Apache indexes: look at this beauty
Sounds fairly simple and easy, but after some research it isn’t. The only customisation that Apache allows is adding a style file. Back to square one.
What about a single page app! Let’s imagine, place a HTML file somewhere on your Apache folder. By being served from the same domain, it can make requests to other folders and parse the index.html
then recreate the directory navigation. It sounds ideal: a simple html file which does all the magic, and can be placed on any server without touching the Apache config.
Along the way, everything seemed fine. The parsing was simple to do, the style was under my control and the list of files was filtered to show video files only.

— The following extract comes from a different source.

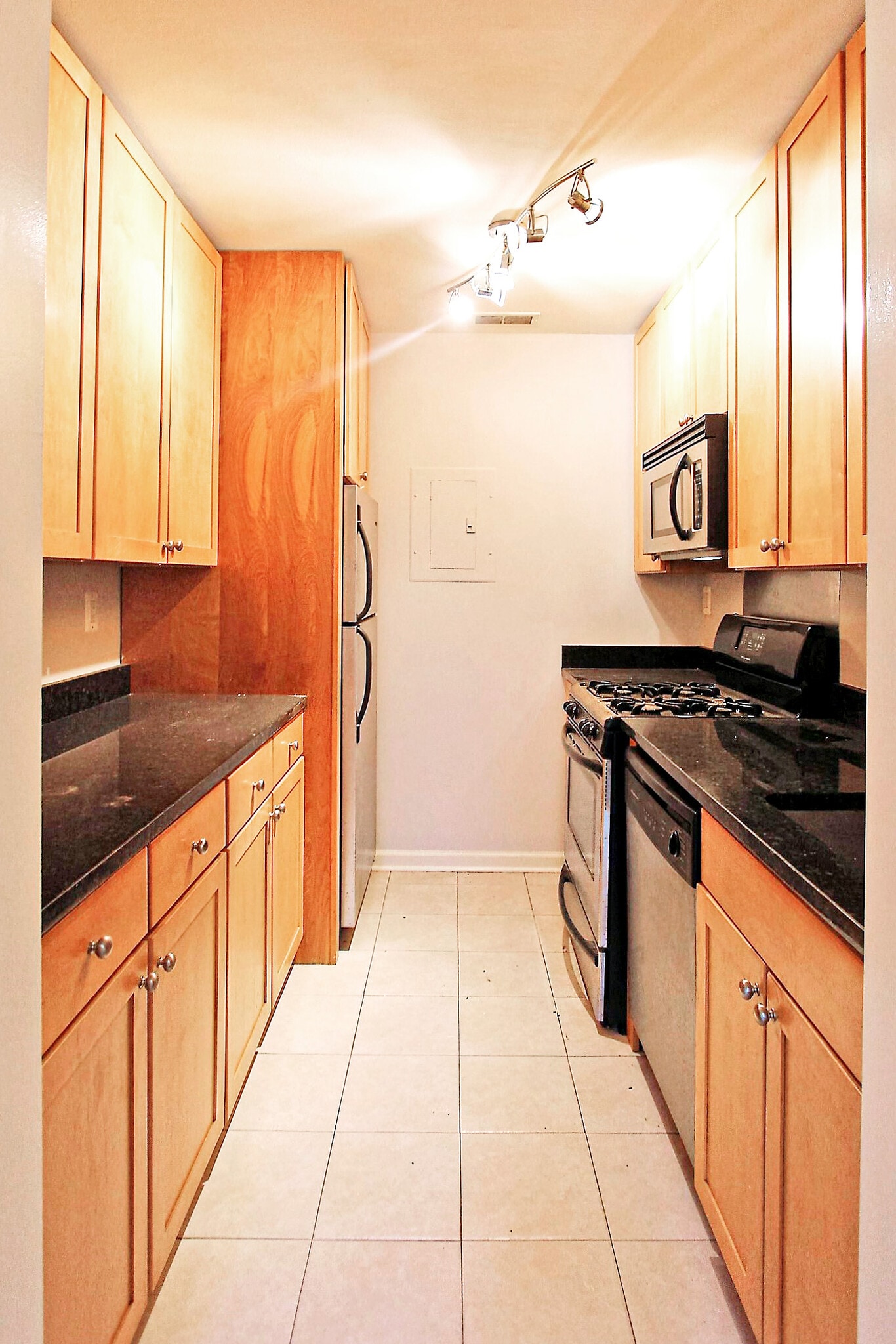 Building Photo - 1730 Arlington Blvd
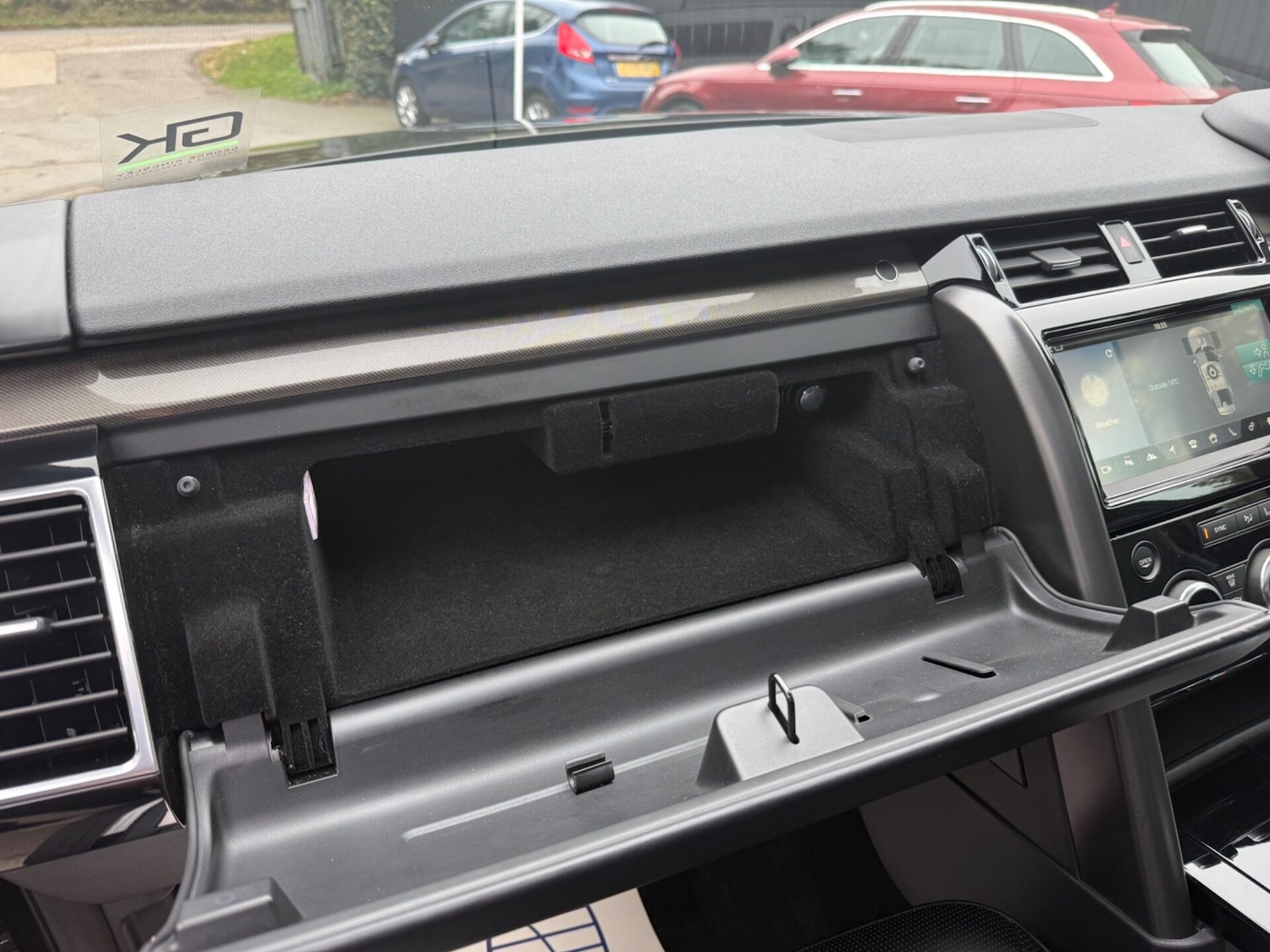 Used Land Rover Discovery 2018 for sale - 76517650: Photo 70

Then comes the Chromecast integration. Back in the days (2015, the early days of the Chromecast) my pet projects consisted of adding the Chromecast functionality to my favourite french TV channels, by a simple script injection. So it felt like the Cast part would be a piece of cake. Well…
In the meantime the Cast API has changed. It’s still retro compatible but the place is no longer familiar to my memories. My anger reached the sky when the basic tutorial from the docs wasn’t working on my environment. Alas, my old code from back in the days wasn’t working either. It was clunky, sometimes it was working, sometimes it did not. It’s only after reading the docs again that my attention stopped on:
Warning: Chrome sender apps need to support HTTPS to maintain Cast compatibility, as Chrome is deprecating support for the Presentation API on insecure origins.
Obviously my Apache server isn’t running on HTTPS. My first thought was to abandon here, sadly I’m stubborn as f***. Here are the other directions I tried to run into:
Running my Apache server on HTTPS without certs?
NO, the Cast API boots but never streams. It might consider that the domain is not secure enough.
Use Let’s encrypt to generate a cert and use it on my server?
NO, forget about it, I’m too lazy for that bullshit. It’s a RaspberryPI on my local network, not a production platform. Plus I would have to go through all of this mess again if I reset my PI.
Let my Apache server accept CORS requests so the SPA can request it while being hosted on HTTPS?
NO, it’s not allowed to do requests to a HTTP server from HTTPS. Frustrating, but makes completely sense, duh!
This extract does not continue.